Модели культуры — страница 34 из 54

Проползем под землей! Покроем спины свои грязью,

чтобы великий грозный медведь с севера

не нашел нас.

Танцы народов Северо-западного побережья являлись, по сути, религиозным действом, в ходе которого сверхъестественные покровители посвящали человека в религиозное общество. Встреча с потусторонним духом была сродни обретению видения, которое во многих частях Северной Америки после голода и самоистязания даровало просителю духа-хранителя, который помогал ему на протяжении всей жизни. На Северо-западном побережье встреча с духом превратилась в простую формальность, не более чем способ выразить свое право на вступление в тайное общество, к которому человек так стремился. Но насколько видение утратило свое значение, настолько же акцент сместился в сторону безумия, насылаемого высшими силами на того, кто имеет право на обретение сверхъестественных сил. Когда юноша квакиутль готовился вступить в одно из религиозных обществ, духи уносили его в леса, где он оставался в одиночестве на какое-то время, и считалось, что это сверхъестественные существа удерживают его. Он постился, чтобы выглядеть истощенным, и готовился по возвращении изображать безумие, как того требовал обычай. Весь зимний цикл религиозных обрядов квакиутлей был направлен на «укрощение» посвящаемого, который возвратился домой, полный «сил, разрушающих разум человека», и которого необходимо было вернуть в состояние земной жизни.

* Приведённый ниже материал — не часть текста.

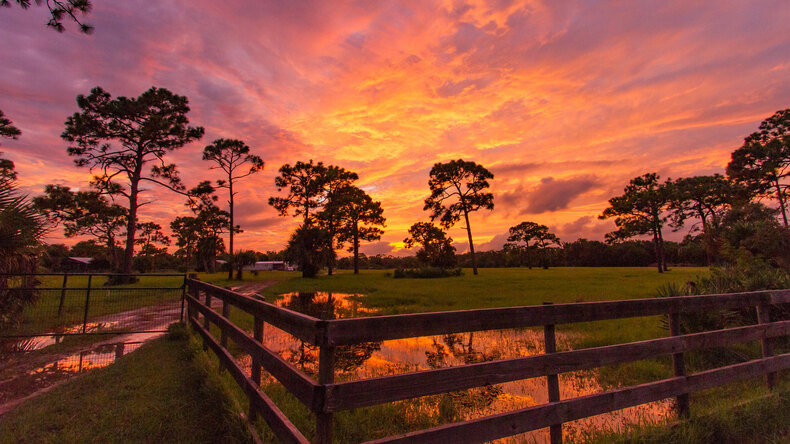 Melbourne FL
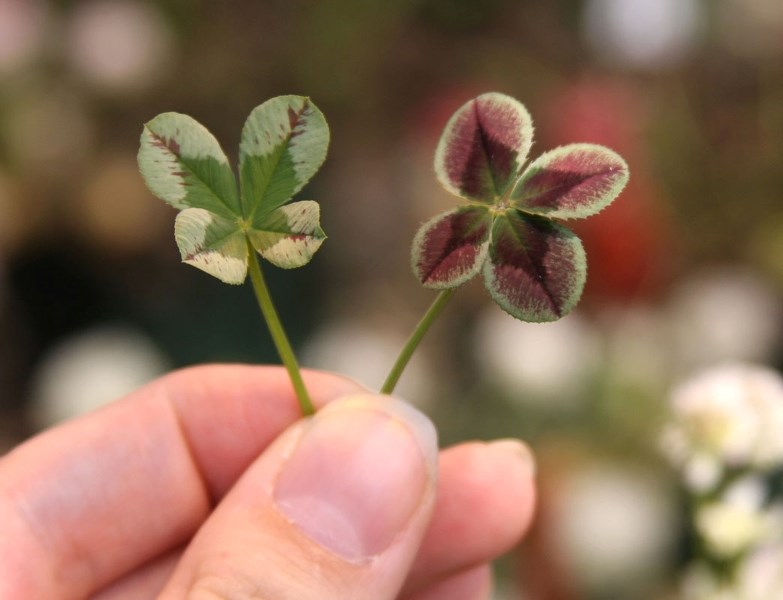 LUCKY? – An example of two four-leaf clover leaves grown in the Parrott Lab at the University of Georgia. Researchers at the lab have used genetics and cross-breeding to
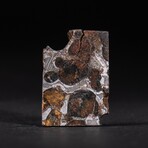 Genuine Seymchan Pallasite Meteorite Slice + Display Box // 4.9 g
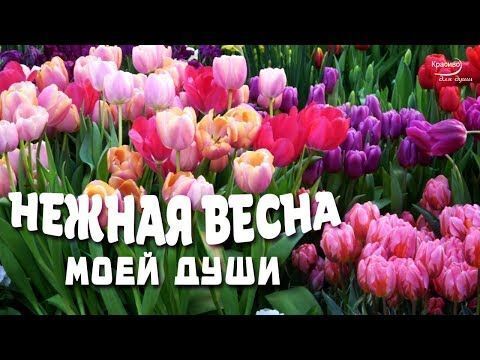 «Психологические преимущества весны: изучение мифов и реалий»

Посвящение во время танца каннибала особенно ярко отражает свойственную культуре Северо-западного побережья дионисическую сущность. У квакиутль общество каннибалов стояло выше всех остальных. Его члены занимали на зимних танцах самые почетные места, а во время пиршеств никто не приступал к еде, пока не начинали есть каннибалы. От всех других религиозных обществ каннибалов отличала страсть к человеческой плоти. Они нападали на зрителей и пытались зубами оторвать из их рук куски плоти. Их танец походил на танец зависимого, обезумевшего при виде возложенной перед ним «пищи» – приготовленного трупа, вынесенного на вытянутых руках какой-нибудь женщиной. В особо торжественных случаях каннибал съедал тела рабов, убитых специально для этой цели.

Каннибализм квакиутль очень далек от эпикурейского каннибализма народов Океании или бытовой зависимости рациона от человеческой плоти во многих африканских племенах. Индеец квакиутль испытывал нескрываемое отвращение к поеданию человеческой плоти. Когда каннибал танцевал, трепеща перед плотью, которую ему предстояло съесть, хор пел его песню:

И вот, я сейчас съем это,

Лицо мое мертвенно бледно.

Я съем то, что даровал мне каннибал

с северного края света.

Каннибал подсчитывал, сколько раз он кусал руки зрителей, и принимал лекарства, вызывающие рвоту, пока все куски не выйдут наружу. Часто он их и вовсе не проглатывал.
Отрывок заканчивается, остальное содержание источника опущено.